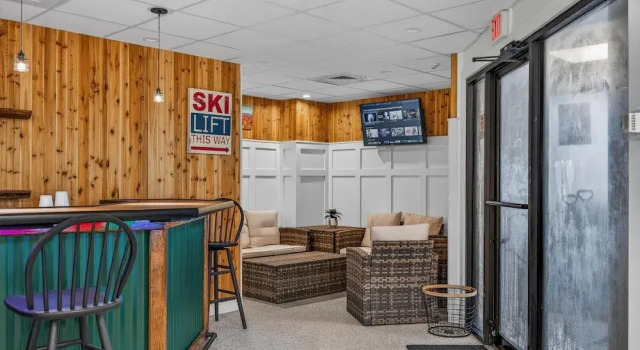 Pinnacle C16, Забронировать Отель Отели Киллингтон 3 звезды, рядом с Killington Adventure Center, 3*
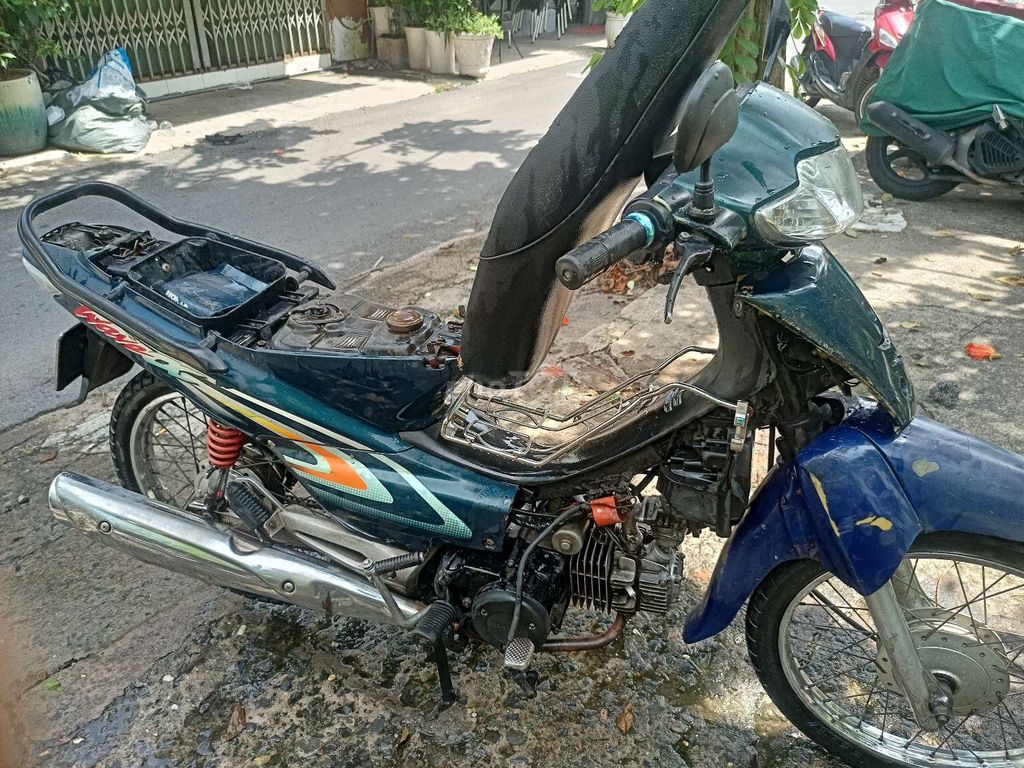 Honda 2000 - ảnh 1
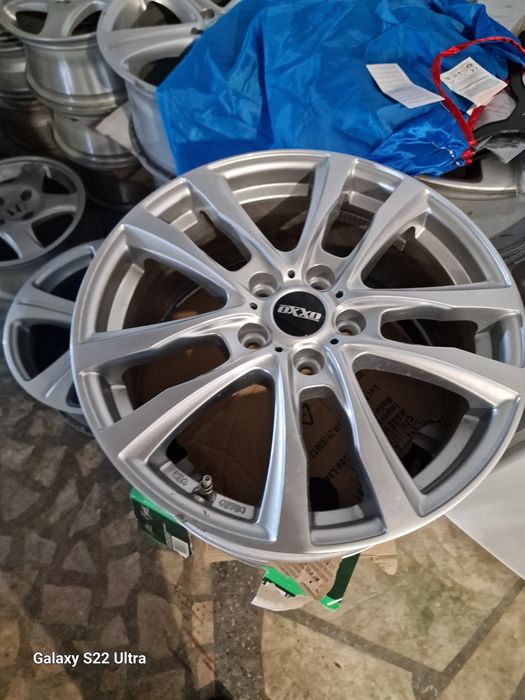 Mercedes 17 Audi Volksvagen Замъка Ямбол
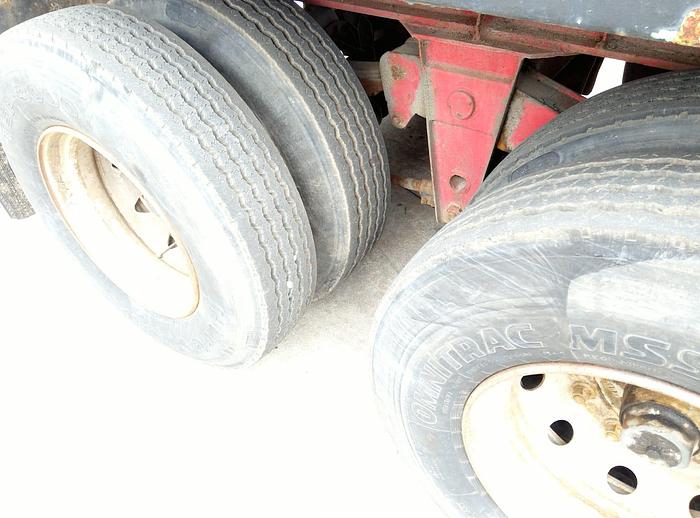 Usado 1981 EVICAR trailer on springs suspension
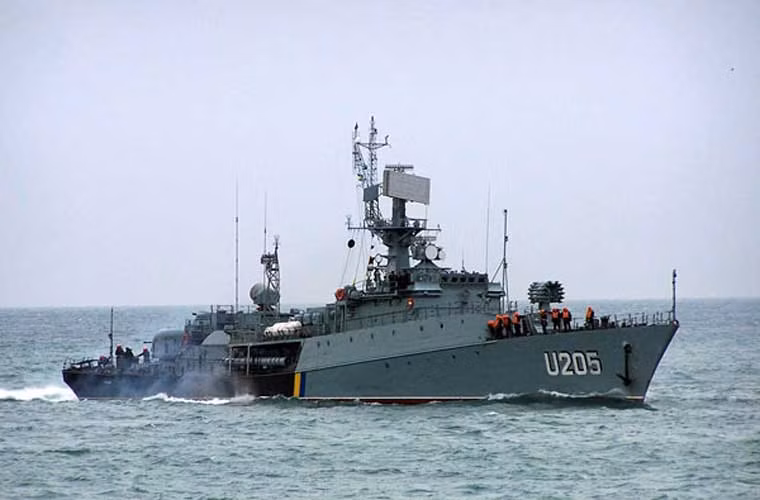 Tau ngam Nga se phai de chung Hai quan Ukraine?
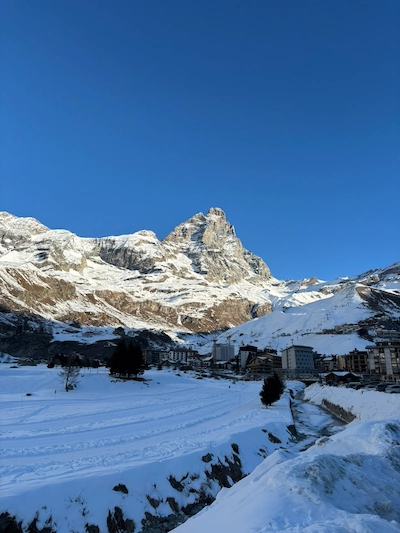 cervinia-mountains-landscape Mont Cervino landscape view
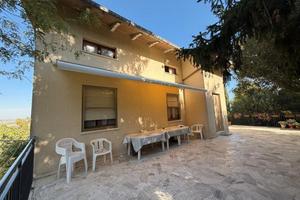 Casa singola con vista mare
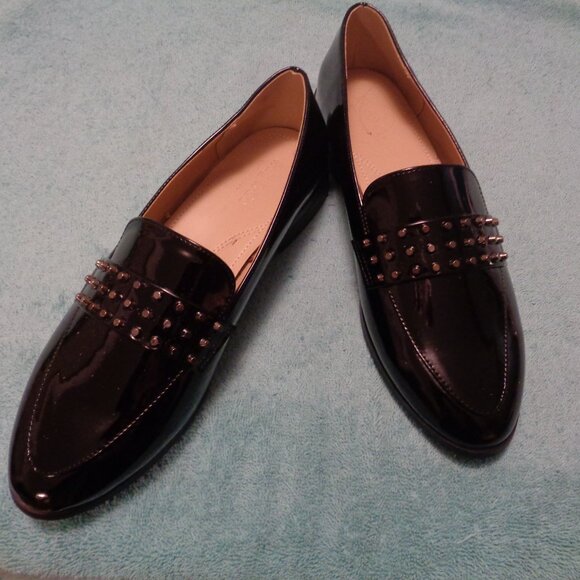 SHINEY BLACK PATENT MENS  FAUX LEATHER LOAFERS W STUDS 9 - Picture 1 of 5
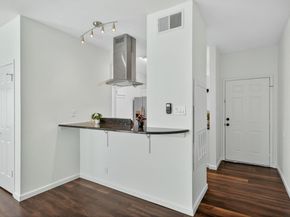 2414 Longview ST 307, Austin TX 78705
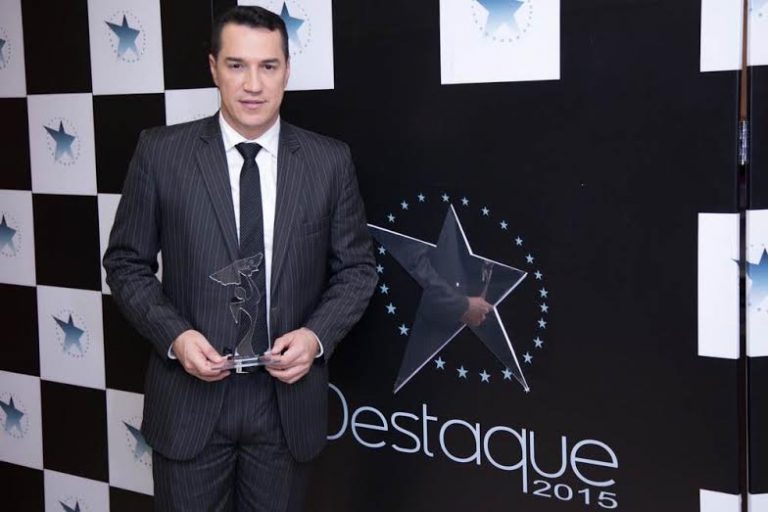 Ney Amorim recebe prêmio Parlamentar Destaque do ano
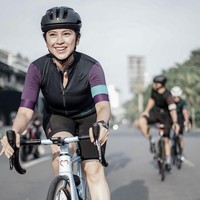 Banyak selebriti dan selebgram yang memamerkan hobi bersepeda di media sosial. Salah satunya adalah Tyna Kanna Mirdad. Tak jarang ia membagi potretnya saat sedang main road bike. Foto: Instagram @tynakannamirdad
· · · ·
• **Your objective**: The range to set down runs from the line containing "Mercedes 17 Audi Volksvagen Замъка Ямбол" through the final line of the data, both ends included; give it exactly and drop the pictures.

• **Result for this exercise**:
 Mercedes 17 Audi Volksvagen Замъка Ямбол
 Usado 1981 EVICAR trailer on springs suspension
 Tau ngam Nga se phai de chung Hai quan Ukraine?
 cervinia-mountains-landscape Mont Cervino landscape view
 Casa singola con vista mare
 SHINEY BLACK PATENT MENS  FAUX LEATHER LOAFERS W STUDS 9 - Picture 1 of 5
 2414 Longview ST 307, Austin TX 78705
 Ney Amorim recebe prêmio Parlamentar Destaque do ano
 Banyak selebriti dan selebgram yang memamerkan hobi bersepeda di media sosial. Salah satunya adalah Tyna Kanna Mirdad. Tak jarang ia membagi potretnya saat sedang main road bike. Foto: Instagram @tynakannamirdad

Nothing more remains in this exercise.